Looking at my own syncthing instance running on a server with a public IP, which should never need to connect to a relay:

netstat -tpn | grep syncthing

^ Based on that output, it is connected to two clients and one relay, which seems to support “every client connects to one relay even if it doesn’t need to”.

So let’s try looking at “how many connections are actively transferring data” rather than “how many connections exist”:

cat tmux-scrollback.log | grep -v accept | grep -oE 'to .*?:' | sort | uniq -c | wc -l

^ For my one relay, I see 500 unique IPs actively receiving data in the previous 2 minutes (which is as far back as logs go, since I’m running it in tmux with 50k lines of scrollback ), which seems reasonable for 2000 IPs connected, which makes it seem like maybe a large percentage of clients (>50% ?!) are actively transferring data via the relays?

Remember that relays are chosen based on latency, not which ones are closest geographically.

And any relay is “better than nothing”, surely?

Yes, you are right. But as a user it would be nice to get warned if one has to wait several minutes. I could peek in the logs, but this doesn’t help if not interpreted right. So stopping/restarting an app/program, since one thinks is ‘hangs’ because ‘normally’ it takes ‘seconds’, is almost the same as ‘nothing’.

again: yes, it should work. even slow. better than nothing.

“Connection Group Features” -> “Transport (v3)” has it: ~16% are connected via relay.

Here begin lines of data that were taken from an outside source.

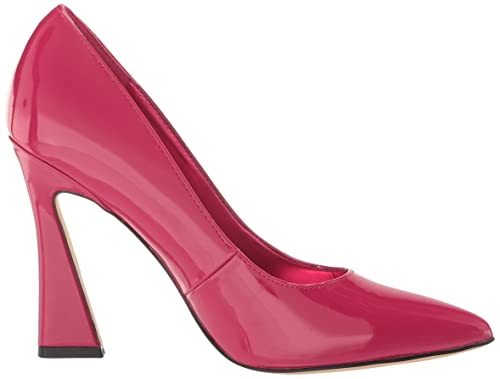 Nine West Women's Trendz Pump, Clay, 7.5 #TOP5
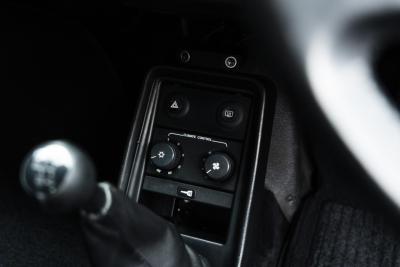 1987 Porsche 911 (930) TURBO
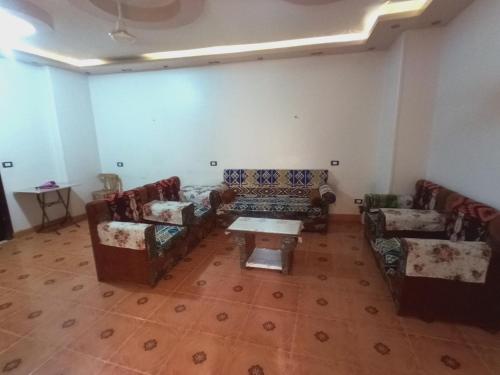 Aswan City Center Guest House in Assuan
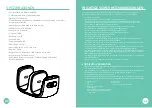 Предварительный просмотр 6 страницы Zenkuru Knee and Leg Massager User Manual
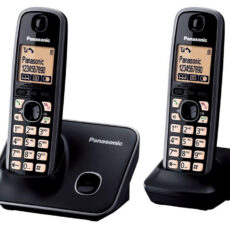 تلفن بی سیم پاناسونیک مدل KX-TG3712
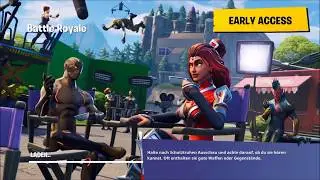 Fortnite Season 4 Woche 6 GEHEIMER BONUSSTERN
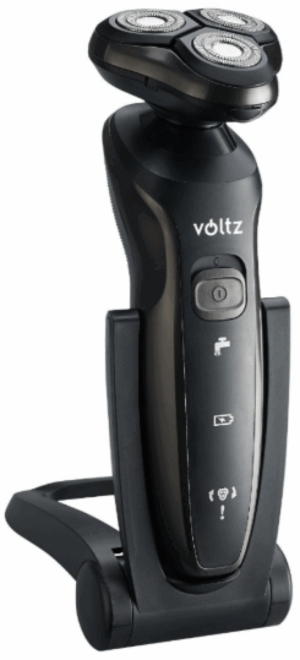 Voltz OV51814A Masinica za brijanje, 3W, crna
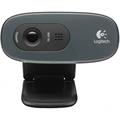 LOGITECH WEBCAM C270 HD720P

So I made a graph of “peak observed capacity”[1] vs “currently used capacity”, and it seems to confirm that the relay network has way more capacity than needed (either that, or the relay selection algorithm is sub-optimal, and clients keep connecting to a few overloaded relays while leaving the majority idle? I wonder how to test that hypothesis…)

graph.png1200×400 8.44 KB

[1] not maximum capacity - hence why it grows over time, rather than being a horizontal line

In many cases there are two rate limits; one per client, and one total for the relay. So a client might not see a difference in performance between being alone on a relay and being one of a hundred active clients on it, but of course the peak total will be different. (This is a good thing, I think, as it makes the performance more even and predictable.)

Again, the relay to connect to is chosen randomly among all relays with latency < 50ms. Then that connection stays unless it breaks. That’s certainly not optimal if you try to maximize throughput. Deciding who to connect to by stats also has two problems: Relays need to be honest. Otherwise a “rogue relay” can “attack” the relay network by pretending to have great stats and thus binding lots of connections to it, but not giving any throughput. And even if you can ensure that relays are honest, I don’t think the current stats are very good for optimizing for throughput and server load balancing. Many relays don’t have any explicit limits, but probably still have limitations on their servers. Also current and past data transferred isn’t a meaningful measure to decide for available throughput - a very performant server may just have a lot of inactive clients (that argument may be refutable if numbers of connections to a server is high enough, still problematic for e.g. a new server).

TLDR: I don’t think there is anything wrong with improving relay selection, even if it is intended as a last resort connection. Someone just needs to come up with a simple and stable (or close enough) method to do it.

FWIW a method I’ve found useful in situations like this would be “pick two at random, try using both of them, discard whichever one is slowest” - then if 5% of relays are slow for whatever reason, the odds of getting stuck on a slow relay go from 5% to ~0.25%.

It’s a marginal improvement for a corner-case of a last-resort option, so it’s not exactly high priority, but the suggestion is there if someone is bored and wants to work on it anyway

There’s a TOCTOU issue here as well. You might select a relay today, idle on it for three days, and then get a connection there. The performance situation of the relay can change on a minute by minute basis.